Neville, qui se trouvait non loin de son binôme, retint un gloussement. Heureusement, Stensenn ne parut pas l’entendre. Il leur fit signe de se rasseoir :

– Puisque ce chapitre est maîtrisé, nous allons nous pencher sur un autre moyen de défense… Qui peut me parler des familiers ?

Les membres du Club échangèrent des regards réjouis, et Alva appuya son menton dans ses mains avec nonchalance. Décidément, créer ce Club avait été une idée de génie.

Lorsque le cours s’acheva, Stensenn semblait d’assez mauvaise humeur et ils avaient presque tous des devoirs à faire. Avant de sortir, Neville convint d’un rendez-vous avec Theo pour travailler ensemble à la bibliothèque, puis leur binôme se sépara, l’un rejoignant Potter et sa bande et l’autre se dirigeant vers Malefoy et ses amis.

– Il va falloir que je trouve un moment pour être seule avec Potter et lui parler de Jack, murmura Alva pour elle-même.

– Ça n’est pas près d’arriver, souligna Blaise. Il est toujours avec Hermione, Weasley ou Londubat.

– Je trouve Londubat bien civilisé en ce moment, fit Draco d’un air pensif. Pour un Gryffondor, j’entends.

– Il sort avec Luna, non ?

Kimberley leva les yeux au ciel en entendant Blaise proférer de telles inepties, et rectifia d’un ton sec :

– Ils ont rompu durant les vacances.

Intéressé, Draco se tourna vers le Gryffondor de huitième année qui cheminait avec eux :

– Justin, toi qui passe ton temps chez les Gryffondors, tu en sais plus ?

Justin secoua la tête. Ce fut Anaïs, accompagnée de Ryan, qui intervint :

– Luna préférait être avec nous plutôt qu’avec les Gryffondors qui faisaient des remarques acerbes sur le dos des Serpentards. Vous vous souvenez de ce qu’a dit Crivey dans le train ? A propos des amis des Serpentards qui n’étaient pas les bienvenus ? Apparemment, elle l’a répété à Neville quand ils ont rompu. Je crois qu’il essaye de se rapprocher de nous pour prouver à Luna qu’il vaut mieux que Crivey.
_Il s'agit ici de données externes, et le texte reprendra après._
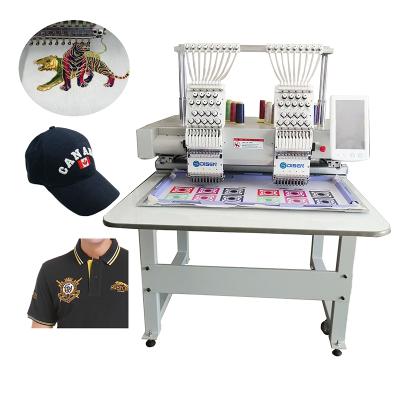 China Hat/T-shirt/Flat/3D/Towel/Leather/Jacket Embroidery 9 12 15 Needle Two Head High Speed ​​Computer Germany Embroidery Machines For Home Hat T-shirt blouses for sale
– Ça reste un pote de Potter, lâcha Draco d’un ton définitif.

– C’est mon binôme et il est sympa, répliqua Theodore. Moi, je l’aime bien.

– Tu es trop gentil pour être à Serpentard… soupira Blaise. Bon, je vais à la bibliothèque. Granger doit déjà y être et je veux être débarrassé de cette dissertation sur les familiers au plus vite.

– Si jamais elle te parle d’objet-familiers imprégnés de magie noire…. commença Alva.

– … Je lui dirais que ça n’existe pas, compléta Blaise avec un clin d’œil. Ne t’inquiète pas pour ça, espèce de parano.

Alva sourit sans répondre, et se dirigea vers la Grande Salle avec les autres binômes pour commencer leurs devoirs. Non, elle ne s’inquiétait pas vraiment des bavardages de Blaise. Elle s’inquiétait des inimités et des colères qui parfois manquaient de se transformer en actes.

Les lions et les loups ne se mélangent pas.